Autoregressive Image Generation without Vector Quantization (2406.11838v3)

Published 17 Jun 2024 in cs.CV

Abstract: Conventional wisdom holds that autoregressive models for image generation are typically accompanied by vector-quantized tokens. We observe that while a discrete-valued space can facilitate representing a categorical distribution, it is not a necessity for autoregressive modeling. In this work, we propose to model the per-token probability distribution using a diffusion procedure, which allows us to apply autoregressive models in a continuous-valued space. Rather than using categorical cross-entropy loss, we define a Diffusion Loss function to model the per-token probability. This approach eliminates the need for discrete-valued tokenizers. We evaluate its effectiveness across a wide range of cases, including standard autoregressive models and generalized masked autoregressive (MAR) variants. By removing vector quantization, our image generator achieves strong results while enjoying the speed advantage of sequence modeling. We hope this work will motivate the use of autoregressive generation in other continuous-valued domains and applications. Code is available at: https://github.com/LTH14/mar.

PDF HTML Abstract

This paper introduces a novel approach for autoregressive image generation that operates directly on continuous-valued tokens, eliminating the need for vector quantization (VQ). The core innovation is "Diffusion Loss," a method that models the per-token probability distribution using a denoising diffusion process. This allows autoregressive models, traditionally reliant on discrete token spaces and categorical cross-entropy loss, to leverage higher-quality continuous-valued tokenizers.

Key Contributions:

Diffusion Loss: A new loss function that models the probability distribution $p(x|z)$ for a continuous-valued token $x$ conditioned on a vector $z$ (produced by the autoregressive model). This is achieved by training a small denoising MLP jointly with the autoregressive model.
Elimination of Vector Quantization: By using Diffusion Loss, the method sidesteps the challenges associated with training VQ tokenizers, such as gradient approximation issues and reconstruction quality limitations.
Generalized Autoregressive Framework: The paper unifies standard autoregressive (AR) models and masked generative models into a Masked Autoregressive (MAR) framework. MAR predicts multiple tokens simultaneously in a randomized order, leveraging bidirectional attention for improved token communication.
Strong Performance and Efficiency: The proposed MAR models with Diffusion Loss achieve state-of-the-art results on ImageNet 256x256, with a strong FID score (< 2.0) and fast generation speeds (< 0.3 seconds per image).
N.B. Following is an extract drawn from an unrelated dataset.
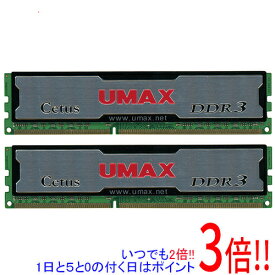 【いつでも2倍！5．0のつく日は3倍！1日も18日も3倍！】【中古】UMAX Cetus DCDDR3-4GB-1333 DDR3 PC3-10600 2GBx2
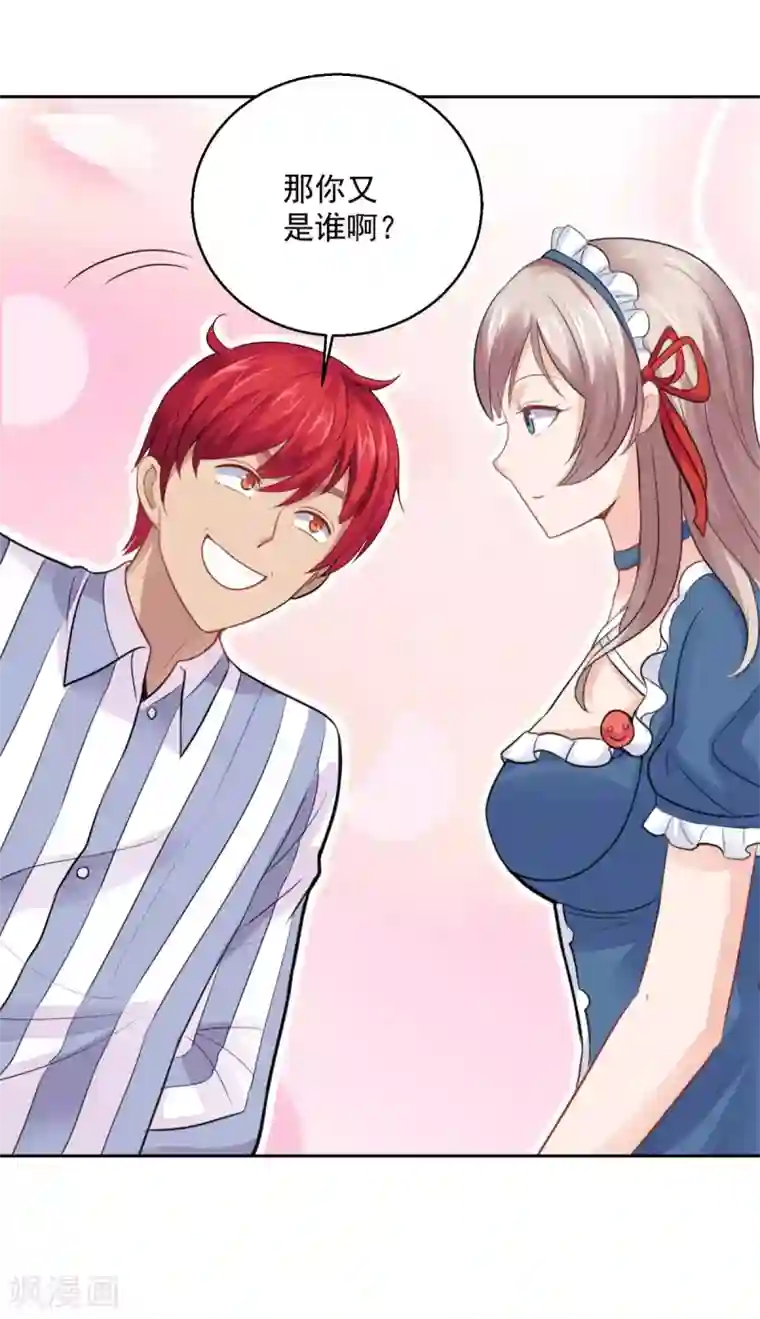 海贼王3D女帝H肉片本子下滑式肉片在线观看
Rethinking Discrete-Valued Tokens

The paper argues that the critical aspect for autoregressive modeling is not the discrete nature of tokens, but the ability to:

Define a loss function to measure the difference between estimated and true per-token distributions.
Implement a sampler to draw samples from this distribution during inference.

While discrete tokens conveniently use categorical distributions and cross-entropy loss, Diffusion Loss provides an alternative for continuous tokens.

Diffusion Loss Mechanism

For a continuous-valued ground-truth token $x \in \mathbb{R}^d$ and a conditioning vector $z \in \mathbb{R}^D$ from the autoregressive model, Diffusion Loss models $p(x|z)$ as follows:

Loss Function: Based on denoising score matching, the loss is:

$L(z, x) = \mathbb{E}_{\epsilon, t} [ \| \epsilon - \epsilon_\theta(x_t | t, z) \|^2 ]$

Where:
- $\epsilon \sim \mathcal{N}(0, I)$ is random noise.
- $t$ is a diffusion timestep.
- $x_t = \sqrt{\bar{\alpha}_t} x + \sqrt{1-\bar{\alpha}_t} \epsilon$ is the noised token.
- $\epsilon_\theta$ is a small MLP (denoising network) that predicts the noise $\epsilon$ given $x_t$ , $t$ , and $z$ . The gradient from this loss updates both the denoising MLP $\epsilon_\theta$ and the autoregressive model producing $z$ . To improve loss utilization, $t$ is sampled multiple times (e.g., 4 times) for each $z$ .
Sampler: At inference, tokens are sampled using a reverse diffusion procedure:

$x_{t-1} = \frac{1}{\sqrt{\alpha_t}} ( x_t - \frac{1 - \alpha_t}{\sqrt{1 - \bar{\alpha}_t}}\epsilon_\theta(x_t | t, z) ) + \sigma_t \delta$

starting from $x_T \sim \mathcal{N}(0, I)$ to get $x_0 \sim p(x|z)$ . $\delta \sim \mathcal{N}(0, I)$ and $\sigma_t$ is the noise level.
Temperature Sampling: To control sample diversity, a temperature $\tau$ is introduced by scaling the noise term $\sigma_t\delta$ in the sampler by $\tau$ . This is analogous to temperature in categorical sampling.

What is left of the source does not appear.